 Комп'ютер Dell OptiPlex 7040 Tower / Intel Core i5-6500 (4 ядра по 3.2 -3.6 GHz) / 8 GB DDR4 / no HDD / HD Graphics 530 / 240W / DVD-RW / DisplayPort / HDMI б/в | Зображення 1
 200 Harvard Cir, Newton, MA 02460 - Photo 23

* * *

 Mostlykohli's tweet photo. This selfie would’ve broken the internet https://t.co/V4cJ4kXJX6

> [Task brief] Among the entries above, locate the lines containing "Комп'ютер Dell OptiPlex" and "200 Harvard Cir, Newton, MA 02460 - Photo 23", and transcribe exactly those two lines and all lines between.

> [Output]
 Комп'ютер Dell OptiPlex 7040 Tower / Intel Core i5-6500 (4 ядра по 3.2 -3.6 GHz) / 8 GB DDR4 / no HDD / HD Graphics 530 / 240W / DVD-RW / DisplayPort / HDMI б/в | Зображення 1
 200 Harvard Cir, Newton, MA 02460 - Photo 23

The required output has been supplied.